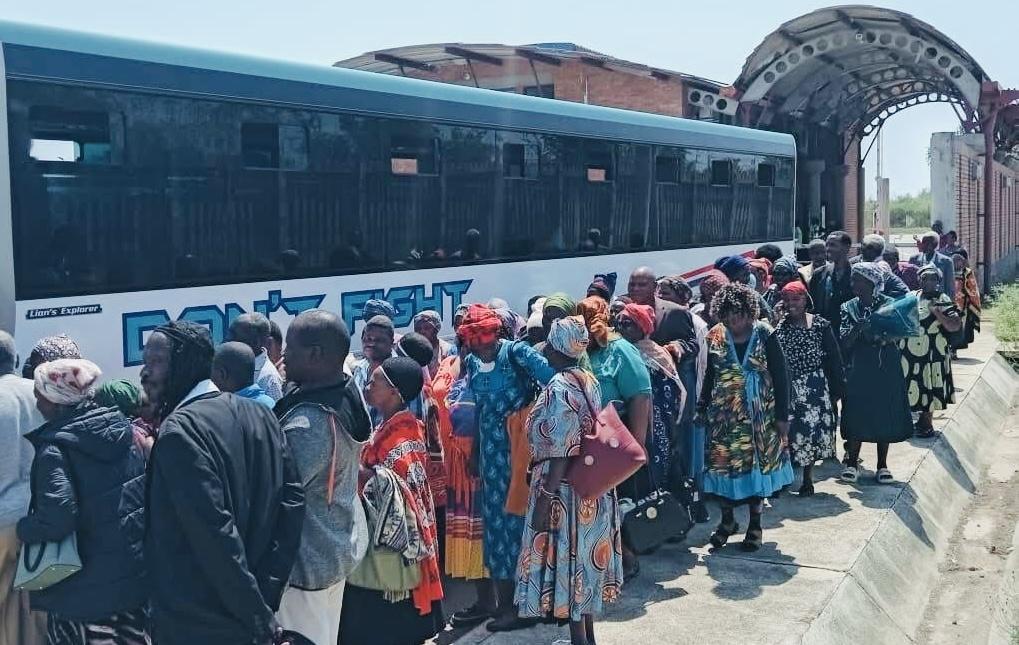 Gcina Magagula Takes Constituents on Airport Trip Gcina Magagula Takes Constituents on Airport Trip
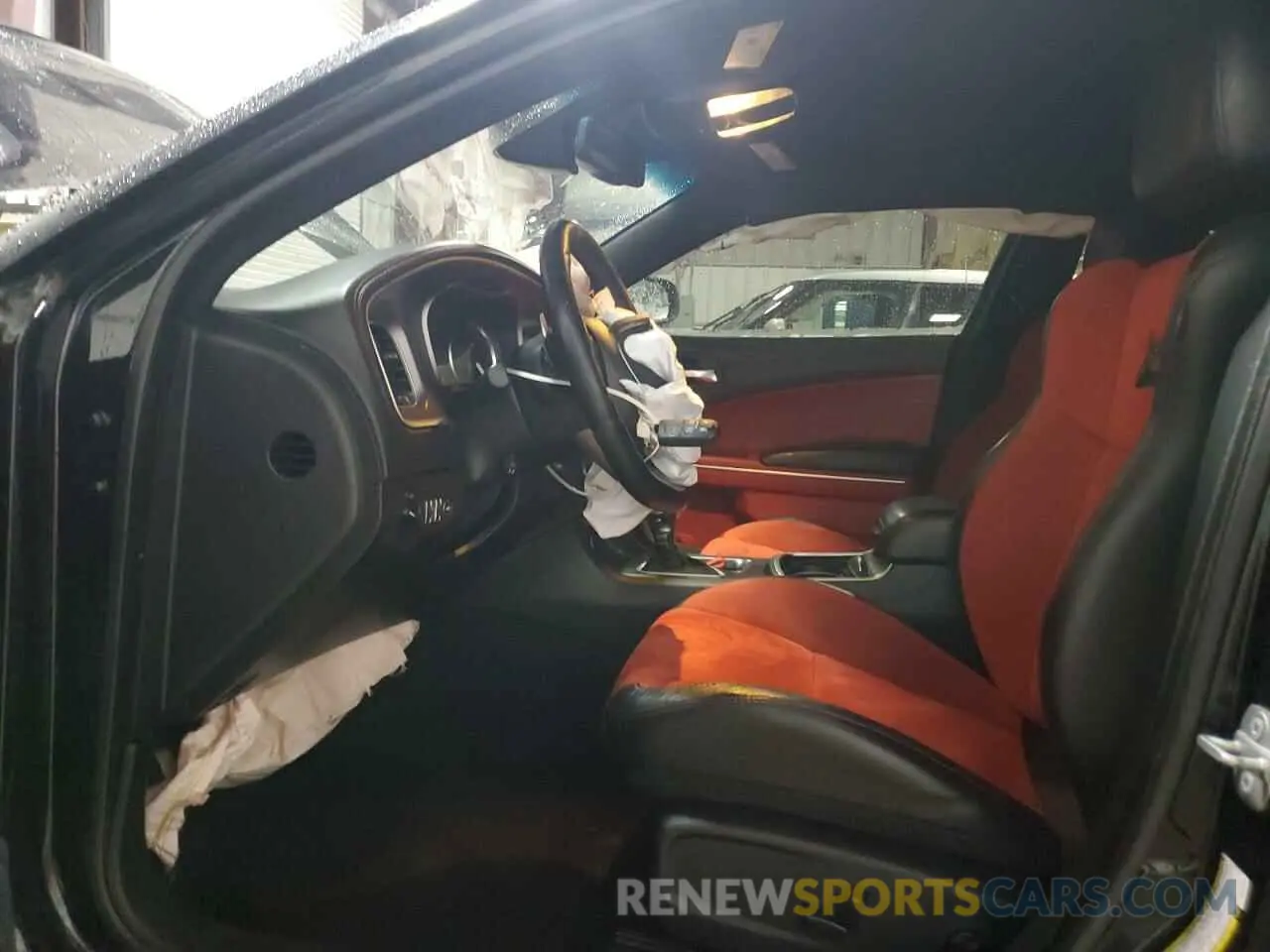 7 fotografías del automóvil dañado 2C3CDXGJ5MH619269 DODGE CHARGER 2021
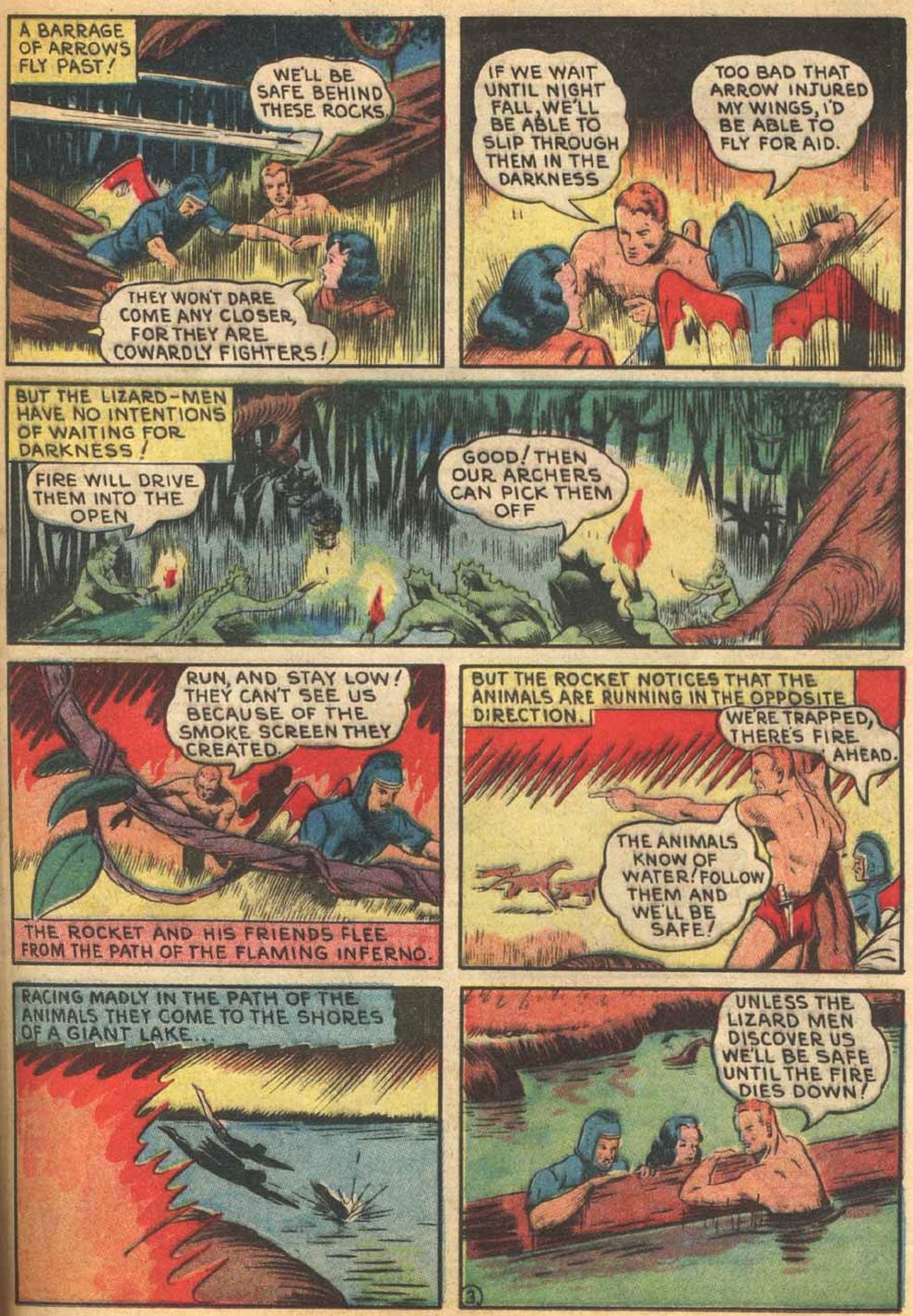 Read online Pep Comics comic -  Issue #4 - 50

----------

* _WHAT TO WORK ON_
Copy all of the data above exactly. Leave out every picture.

* _ANSWER FOR THIS EXERCISE_
 Gcina Magagula Takes Constituents on Airport Trip Gcina Magagula Takes Constituents on Airport Trip
 7 fotografías del automóvil dañado 2C3CDXGJ5MH619269 DODGE CHARGER 2021
 Read online Pep Comics comic -  Issue #4 - 50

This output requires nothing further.